The world is all about spies like James Bond, but when it comes to female spies, how many names really come to mind? There have been some incredible heroines in espionage – you just haven’t heard of them. Here are the most infamous ones that should be on your radar.
1. Anna Chapman
Russian spy and model Anna Chapman was part of a Russian spy ring, infiltrating the U.S for years while attempting to seduce NSA whistle-blower Edward Snowden. She used her model status to gain access to covert government information and secrets, finally getting arrested in NYC 2019.
2. Ana Montes
Ms. Montes was a spy for the Cuban government and starting working for the US in 1985, with the Defense Intelligence Agency. An expert on everything Cuban, Ana had a photographic memory and memorized documents with ease. She even passed polygraph test for the U.S, but alas was sentenced to 25 years in 2002.
3. Josephine Baker
This one might have you scratching your head. Wasn’t Josephine Baker a dancer and singer in the 1920s? She was also a spy during WWII on behalf of the French Resistance, smuggling messages in her sheet music.
4. Stephanie Rader
Own to Polish immigrants in Ohio, Stephanie Rader joined the Women’s Army Auxiliary Corps in 1942 before being recruited to the Office of Strategic Services. Feigning the identity of a woman searching for lost family members in war, she got a job at the embassy. Undercover, she gathered info on Russian troop movements, political statistics, and the police. All in plain clothing, and with no gun. Badass, much?
5. Nancy Wake
At first glance, Nancy was just your everyday journalist. After marrying rich French industrialist, she joined the ranks of high-society France. A pioneer in the French Resistance, Wake established lines of communication between the French Resistance and British military, saving the lies of Allies along the way.

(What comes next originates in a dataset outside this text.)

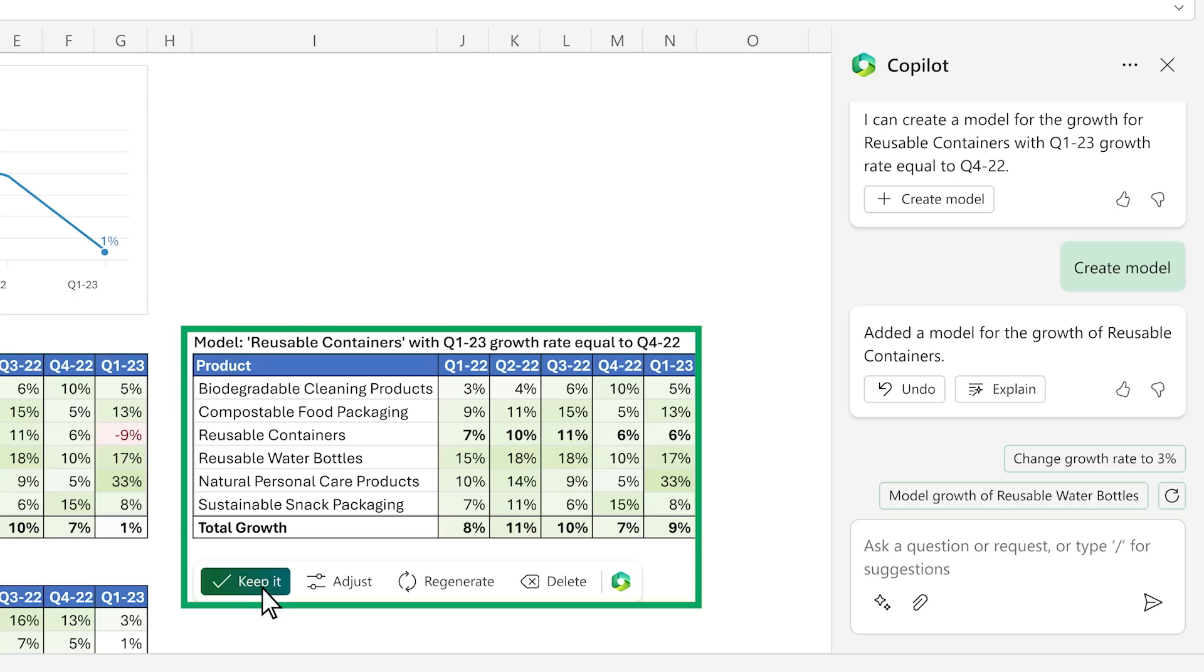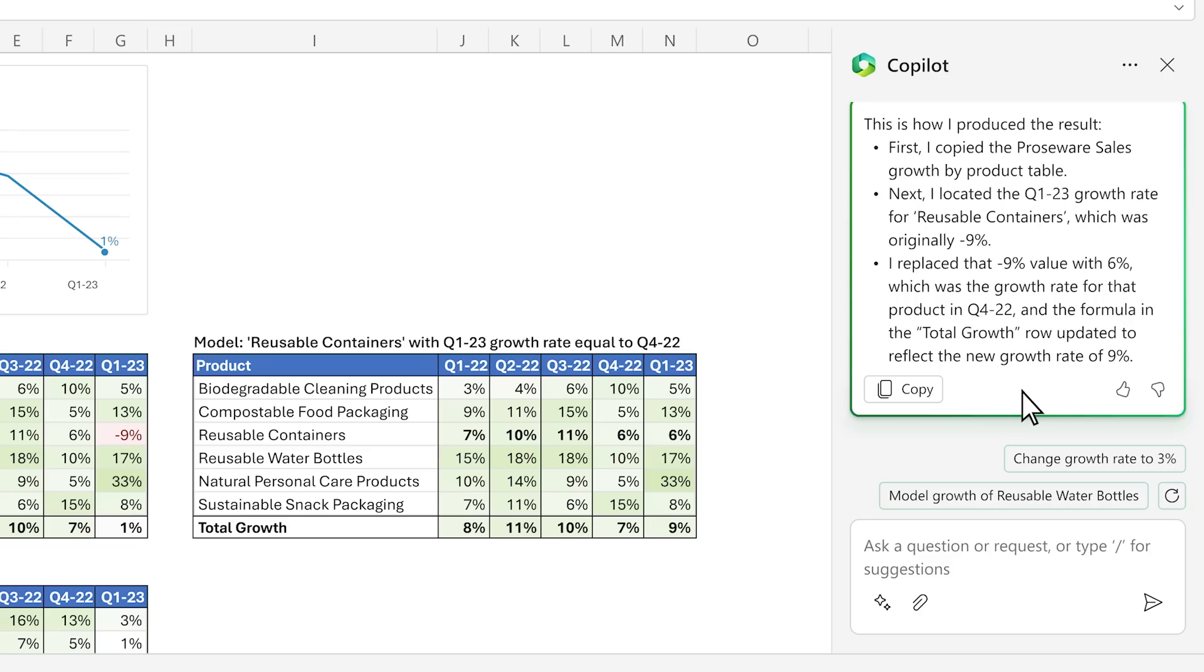Copilot not only answers your question, it creates a simple model and even asks if you want to learn more about what it did with a step-by-step breakdown.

According to some, this Nazi vigilante killed many a German soldier, one even with her bare hands.
6. Melita Norwood
Melita was a secretary at the British Non Ferrous Metals Research Association in the 1930s. Only thing is, the BNF was a cover-up organization for Britain’s nuclear weapons program know as the Tube Alloys project. She identified with the communist values of the Soviets, and hence got involved in the KGB, staying at BNF facilities after hours and removing files from the safes, sending copies to KGB handlers.
7. Noor Inayat Khan
This original baddie was the first British Indian spy, as well as the first female radio operator. Under the code name Madeleine, Noor worked for a residence movement in Paris, avoiding capture with smooth and swift relocation. When captured by the Gestapo, she refused to give any information, and was eventually tortured to death by Nazi police.
8. Christine Granville
A beauty queen turned spy, Christine Granville was a model before she got involved with World War II. Carrying messages through Poland to Allied forces, Christine risked her life as she saved soldiers from execution and used her beauty and charm as an asset.
9. Mata Hari
An undercover spy with the feigned identity of an exotic Asian dancer is something out of a movie, but it was real life for Miss Hari, who toured Europe performing dancing shows and narrating extravagantly exaggerated stories about her life. She was seductive and convincing, as well as a massager for the Allies’ opposition. She had affairs with high-up military officials and coaxed secrets from them, but was eventually found out by the Allies and killed.
10. Virginia Hall
Virginia was an American spy who was tough as nails. She worked for the CIA, the British Special Operations Executive, and the American Office of Strategic Services during World War II. Leading agents in many scenarios, rescuing war prisoners, and recruiting anti-Nazi spies were all in a day’s work for Ms. Hall. She received the Distinguished Service Cross and was the only woman to do so.